Smart connected bandages developed to accelerate skin healing
Scientists are currently developing a smart bandage prototype equipped with sensors to communicate precious information in real-time on all types of wounds in order to care for them without delay.
The research carried out by the Université Libre de Bruxelles (ULB) and sponsored by NATO has led to the development of a type of patch equipped with sensors capable of transmitting information such as the temperature, hydration level or acidity (pH) of an injury.

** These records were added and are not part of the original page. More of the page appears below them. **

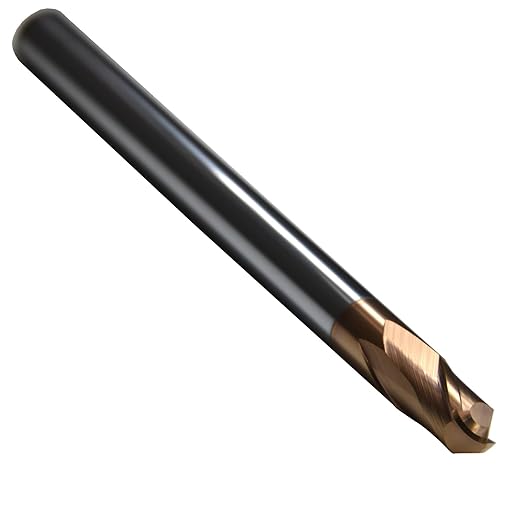 6mm Mill Dia 2Flutes 65HRC Standard Long Flute Solid Carbide Ball Nose Coated End Mill Metric CNC Router Bits Cutter Tool for Hardened Steels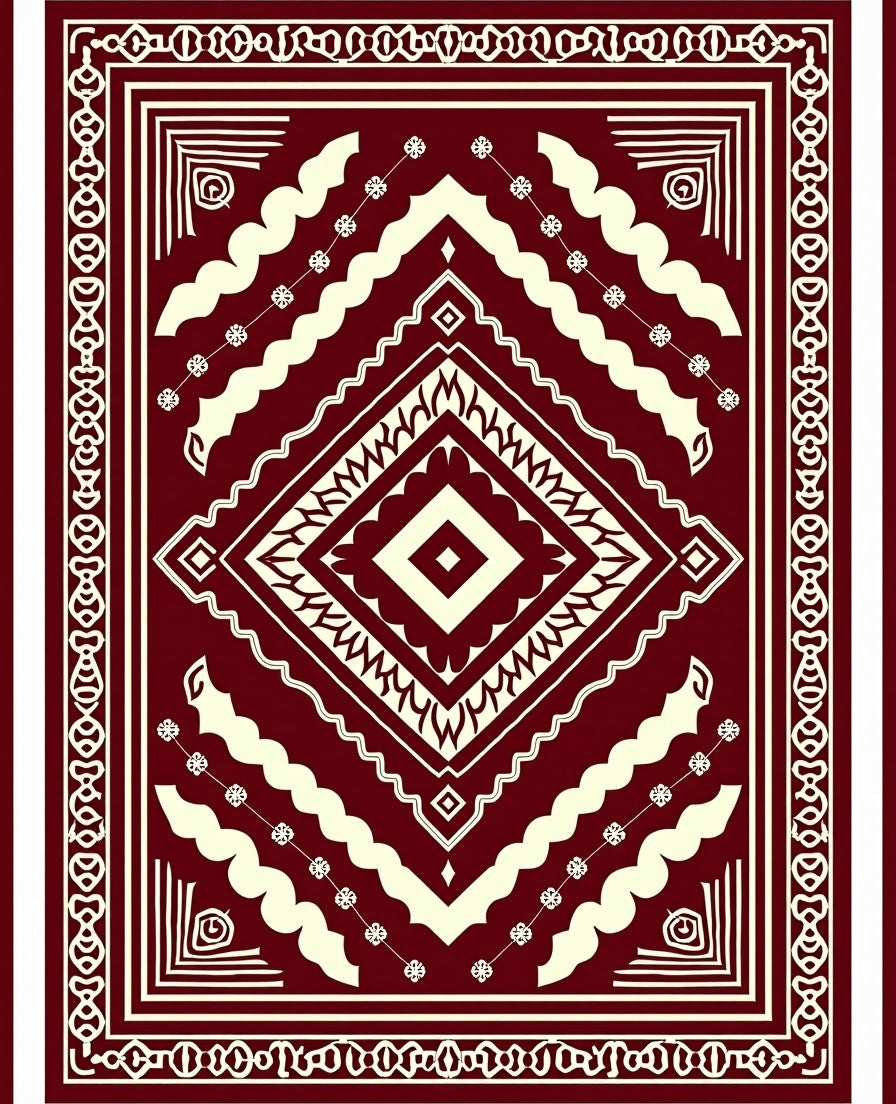 Deep Red Cream Geometric Diamond Medallion Rug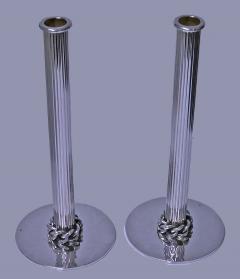 Jean Despr s Pair of Silvered Metal Candlesticks Signed C 1950 - 463833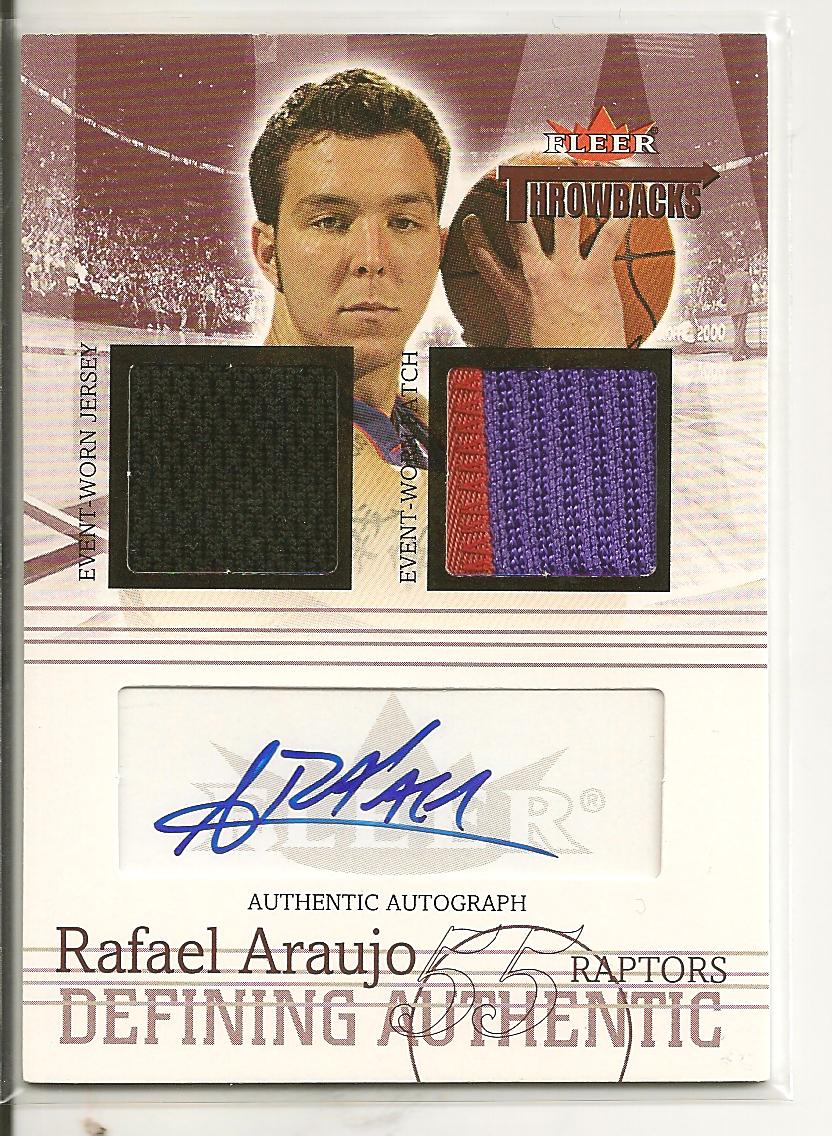 2004-05 Fleer Throwbacks Defining Authentic Jerseys Autographs Numbers #RA Rafael Araujo/55
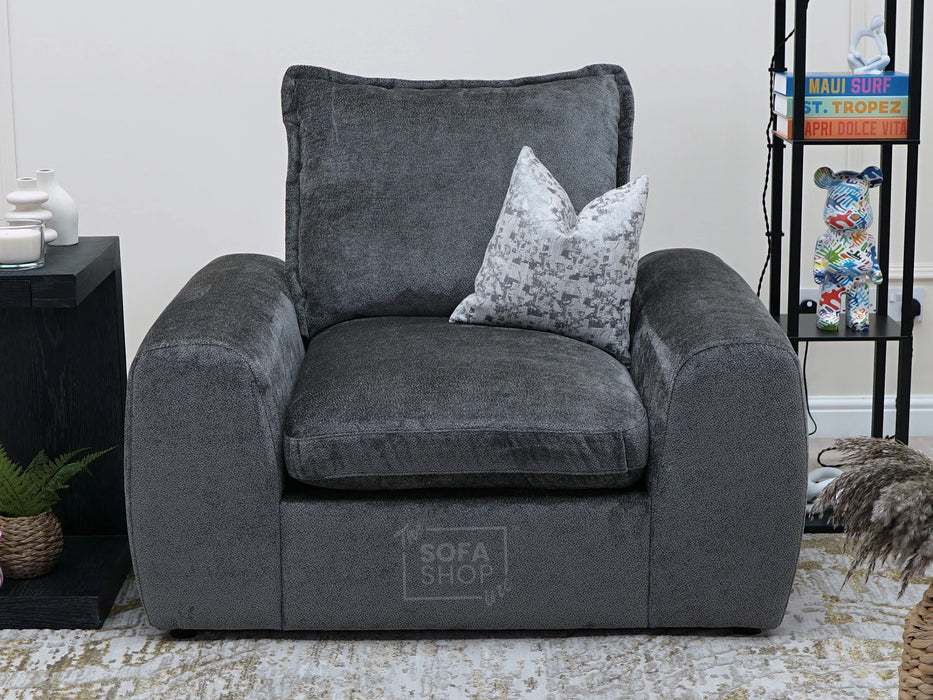 Grey Accent Chair In Fabric With Removable Cushions - Genova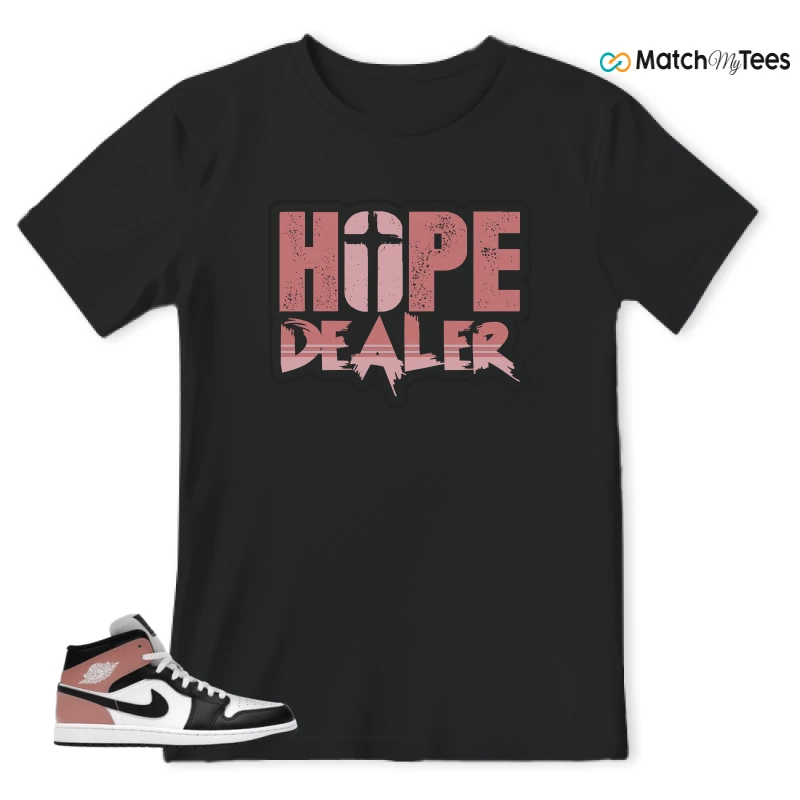 NIKE AIR JORDAN 1 MID WHITE RUST PINK BLACK SNEAKER Matching Tees t-shirt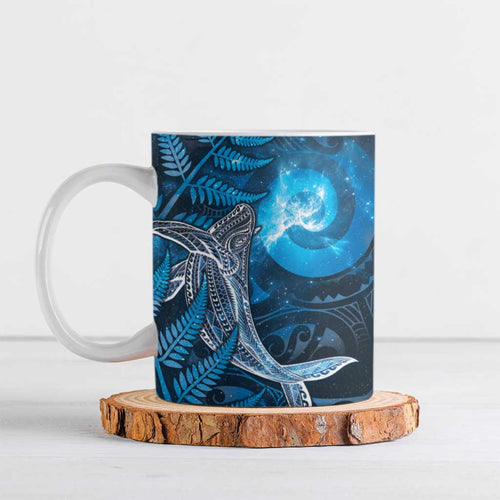 New Zealand Matariki Ceramic Mug Maori Koru With Humpback Whale Blue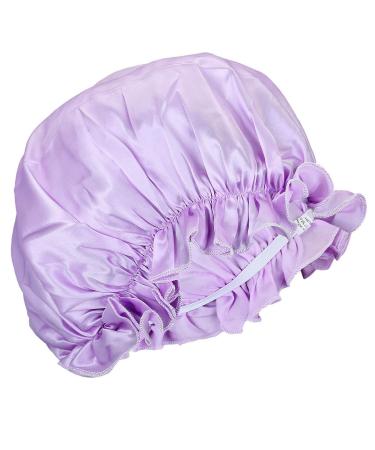 Samtree Women's Silk Sleep Hat - Elastic Lined Satin Nightcap Head Cover (Purple) | Hair Beauty Bonnet - Buy Online on SooperMarket.com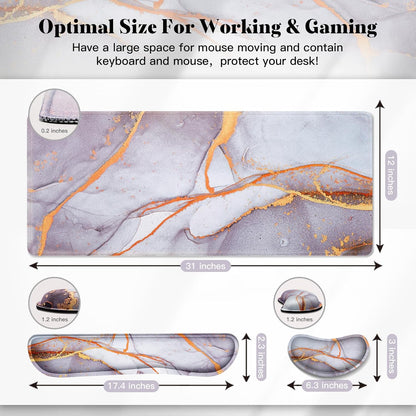 Gimars Upgrade Enlarge Silky and Superfine Fabric Gel Memory Foam Keyboard Wrist Rest Set, Ergonomic Keyboard Mouse Wrist Support for Typing Pain Relief, Comfort for Office, Gaming, Computer, Black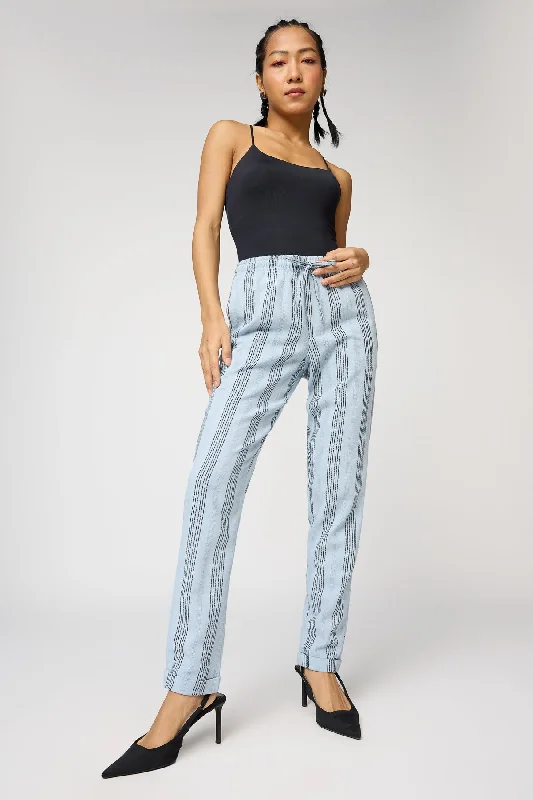 Blue Luxe and Black Stripe Pants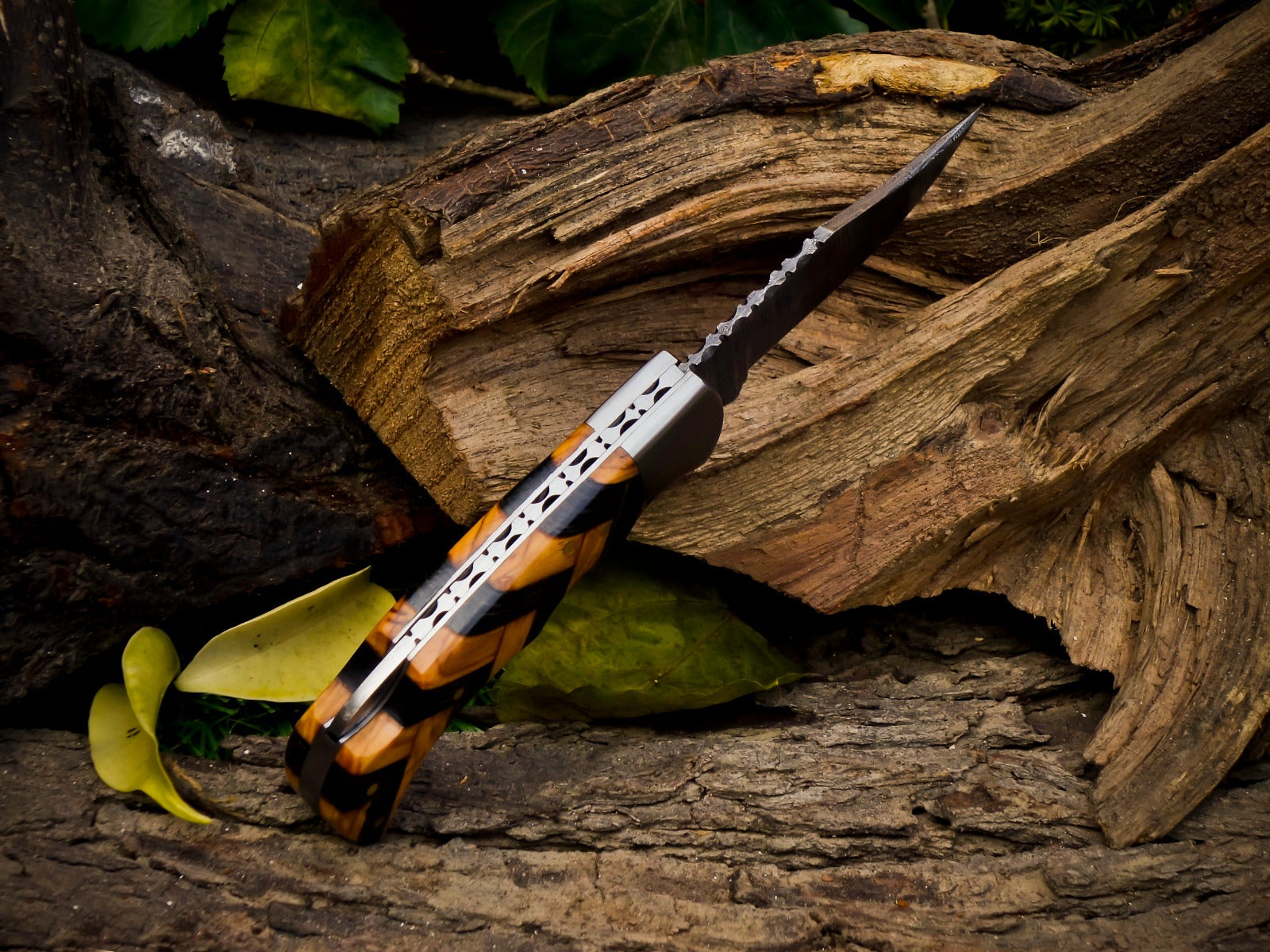 Personalized Handmade 6.75"Damascus Steel Pocket Knife, Folding EDC Hunting Knife, Wood and Resin Handle, Groomsmen Gift With Leather Sheath (Copy)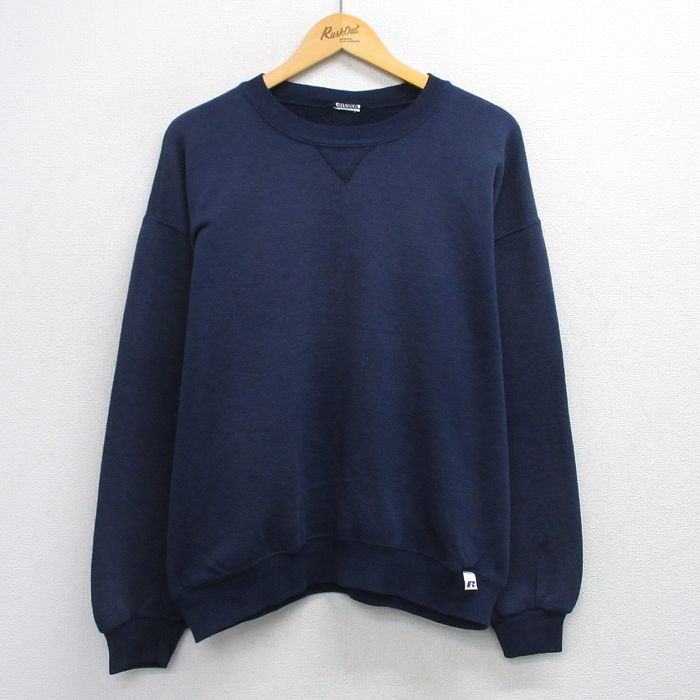 XL★古着 ラッセル 長袖 スウェット メンズ 00年代 00s 無地 クルーネック 紺 ネイビー 【spe】 25sep24 中古 スエット トレーナー トップス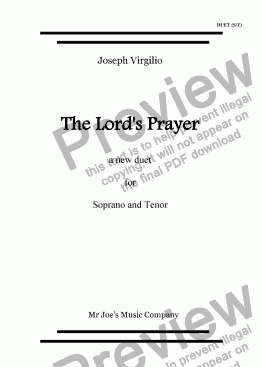page one of The Lord’s Prayer (a duet)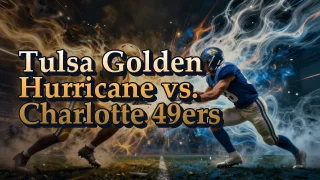 Illustrated event poster for Tulsa Golden Hurricane vs. Charlotte 49ers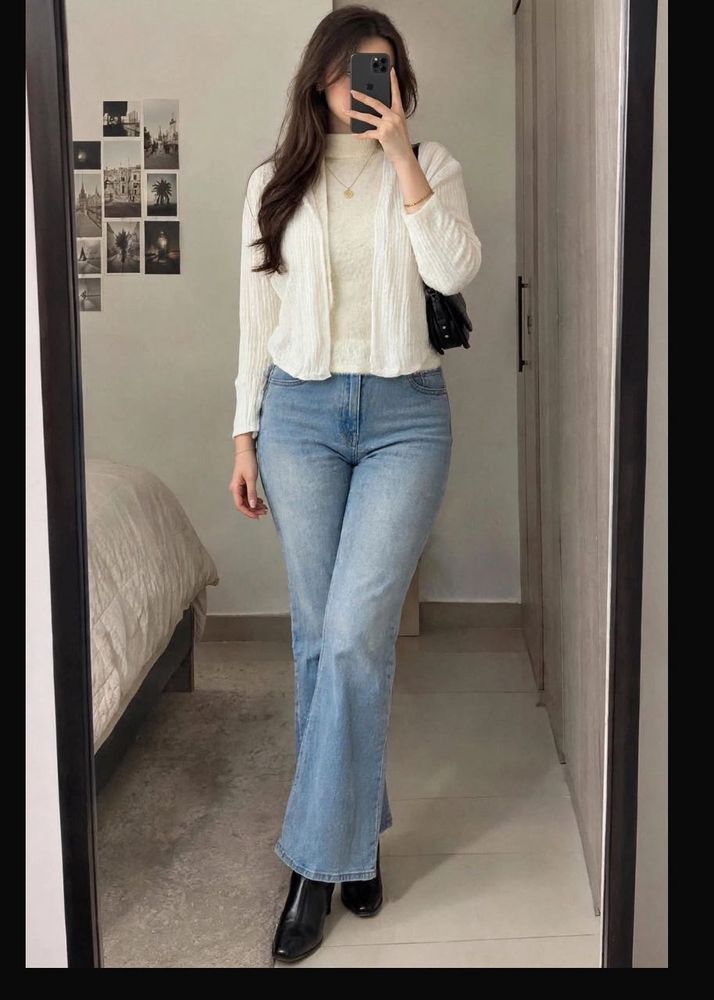 imported Light Grey Ribbed Open Cardigan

In this way, doctors can know which patients require the most urgent care. This data can also be transmitted to a machine learning software program, which will also determine the severity of the wound and if care is urgently needed.
These dressings are composed of three distinct layers: a collagen hydrogel bandage, liquid crystals and specific sensors. The liquid crystals indicate on the surface of the patch the different alert levels. As for the sensors, they can be associated with stem cells capable of reducing the healing time of certain serious wounds by 30 to 10 days.
This research project called Rawints (“RApid Skin Wound healing by INtegrated Tissue engineering and Sensing) targets specific groups of population, such as war casualties (soldiers or civilians), as well as astronauts going on lengthy missions to the Moon or Mars.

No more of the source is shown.